ACTIVITY
Set down the data again exactly. Pictures are not part of the copy.

(Crawled caption data)
━━━
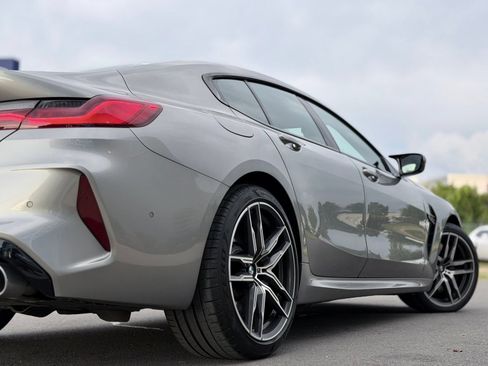 Used 2021 BMW M8 Gran Coupe xDrive w/ Driving Assistance Package AWD/4WD image 8
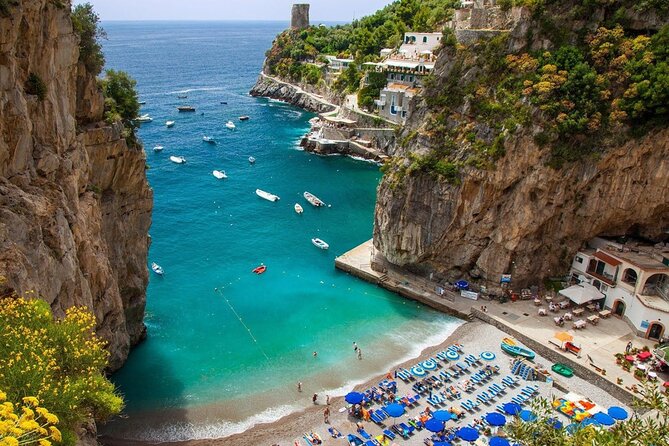 Amalfi Coast Private Boat Tour from Sorrento, Positano & Capri - Price and logistics: what $605.52 covers, plus the fuel reality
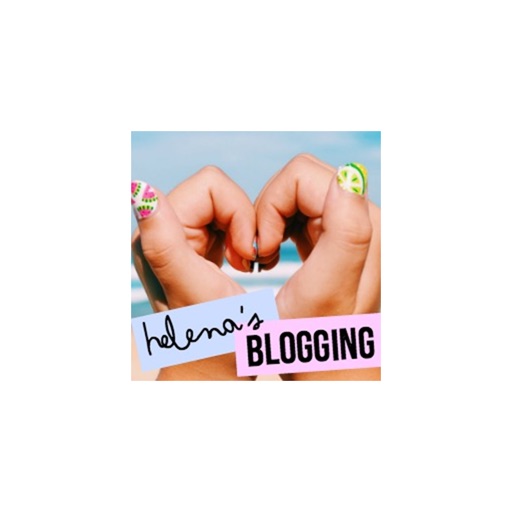 Helena's Blogging Icon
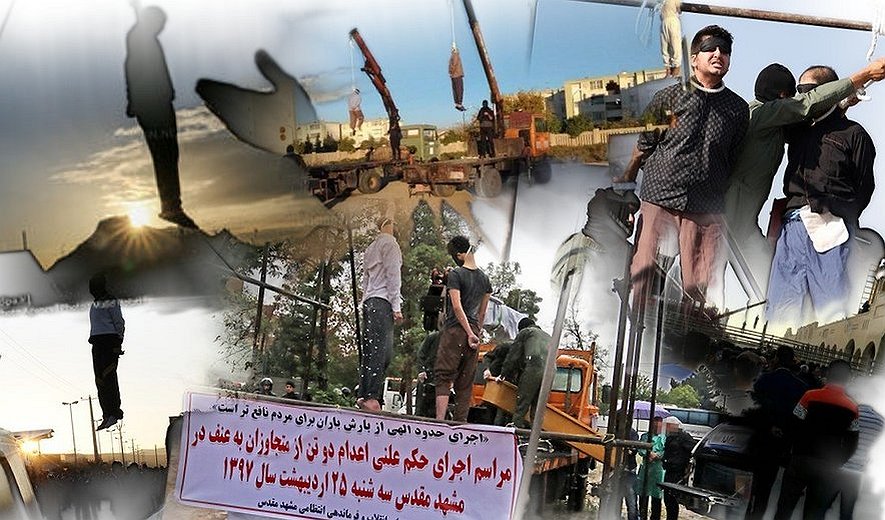 Iran Execution Report 2018: Public Executions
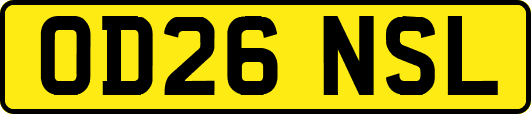 OD26NSL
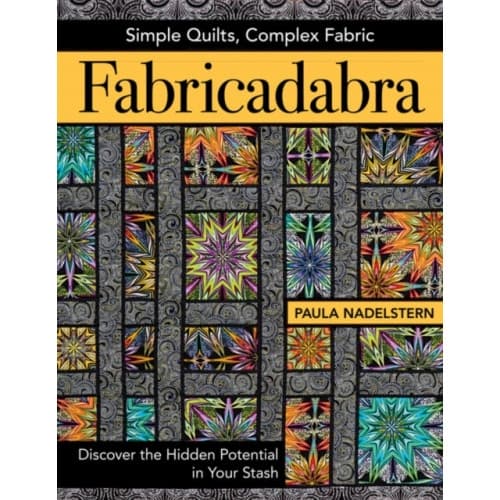 Fabricadabra (häftad, eng)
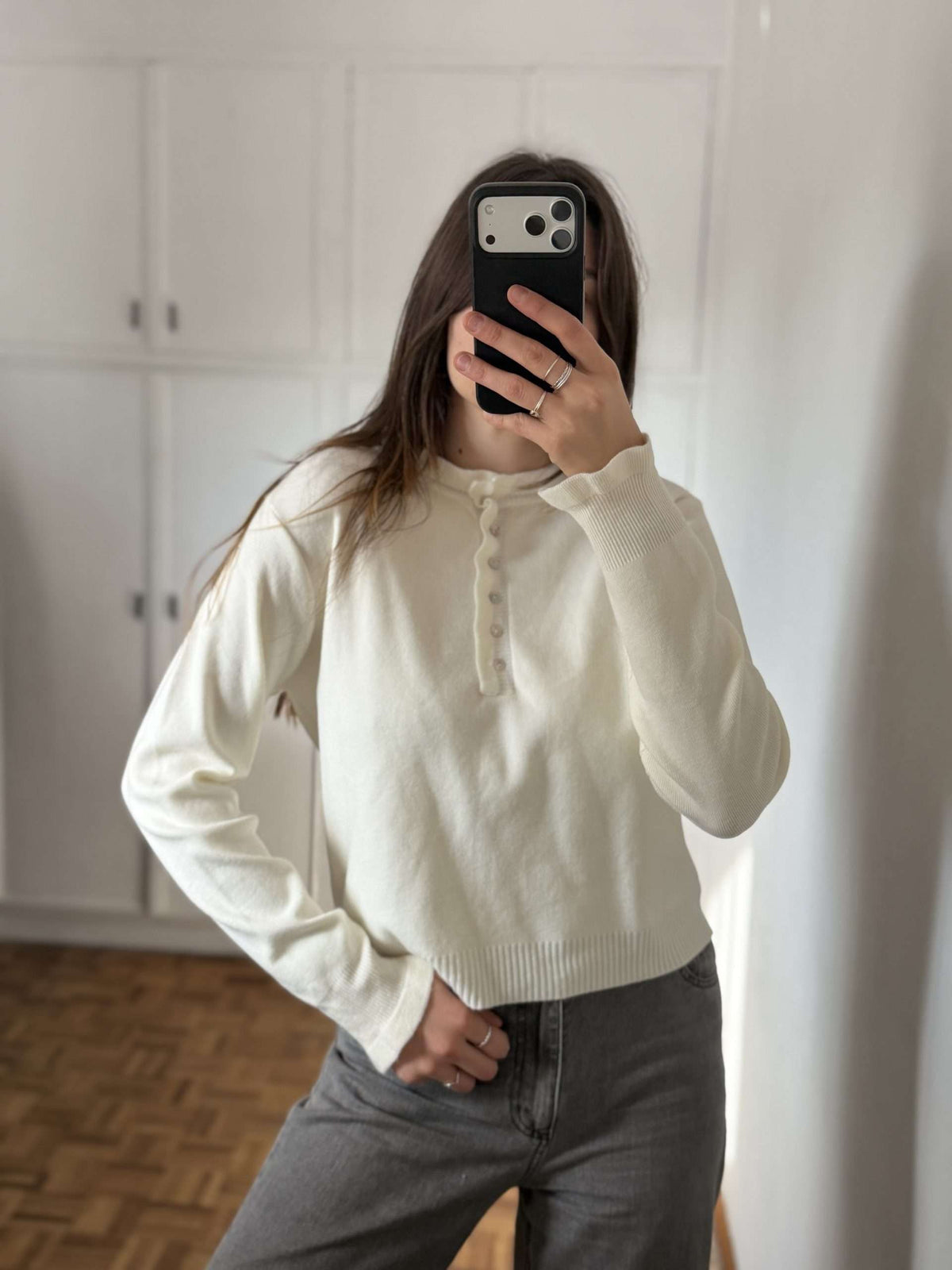 Sweater Polo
━━━
RESULT FOR THIS EXERCISE
 Used 2021 BMW M8 Gran Coupe xDrive w/ Driving Assistance Package AWD/4WD image 8
 Amalfi Coast Private Boat Tour from Sorrento, Positano & Capri - Price and logistics: what $605.52 covers, plus the fuel reality
 Helena's Blogging Icon
 Iran Execution Report 2018: Public Executions
 OD26NSL
 Fabricadabra (häftad, eng)
 Sweater Polo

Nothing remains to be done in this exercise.